[Stored items from a collection]
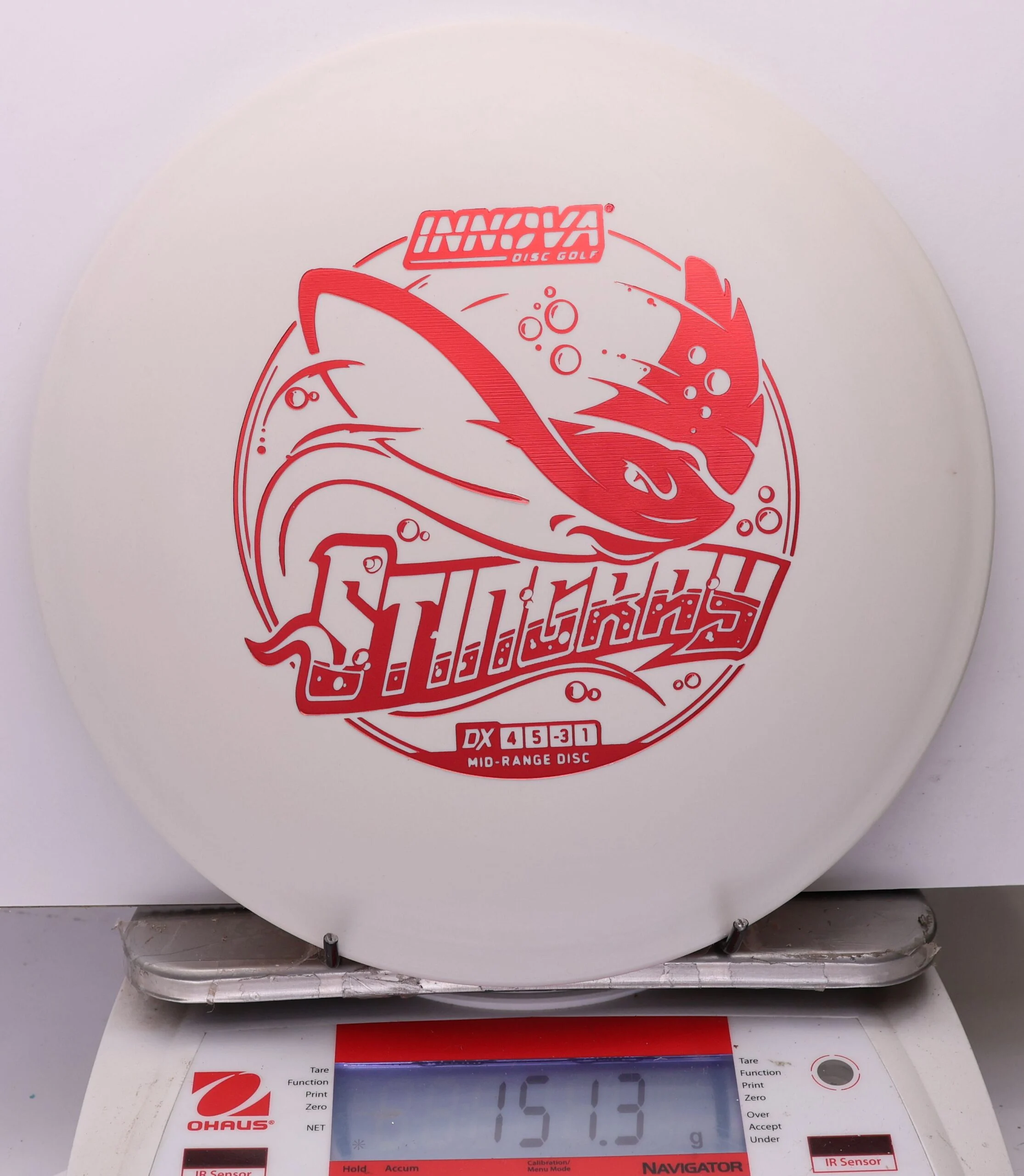 1079966 DX Stingray - #73 White, 151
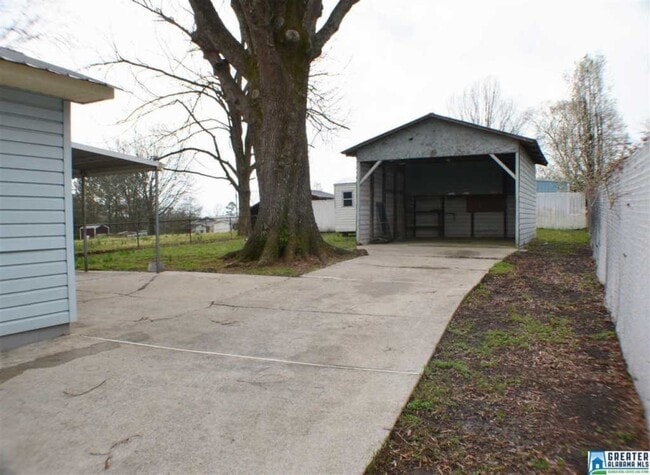 Building Photo - 416 Perman St SW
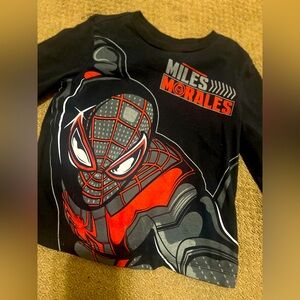 Spider-Man long sleeve tee size XS
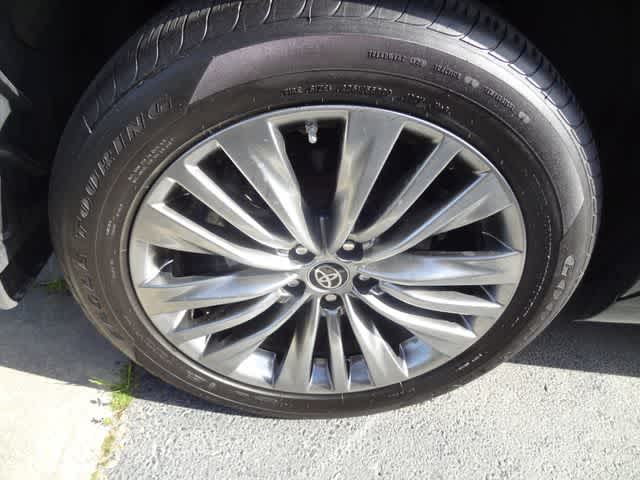 2024 Toyota Highlander Hybrid Platinum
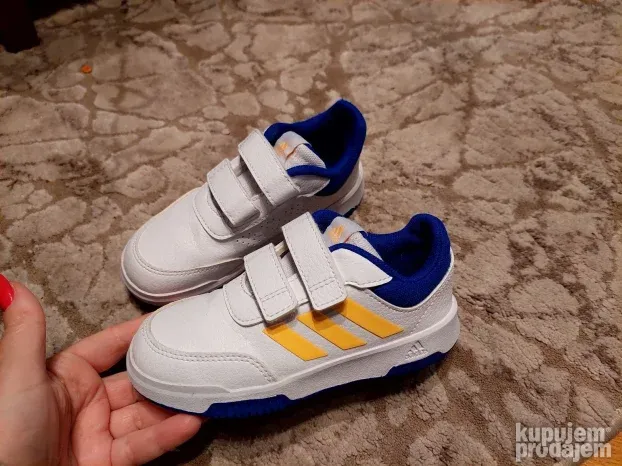 Odlicne adidas patike broj 27 za decaka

Exercise brief: Reproduce word for word the lines from the one containing "2024 Toyota Highlander Hybrid Platinum" through the end of the data, both ends kept. Drop the pictures.

Finished exercise:
 2024 Toyota Highlander Hybrid Platinum
 Odlicne adidas patike broj 27 za decaka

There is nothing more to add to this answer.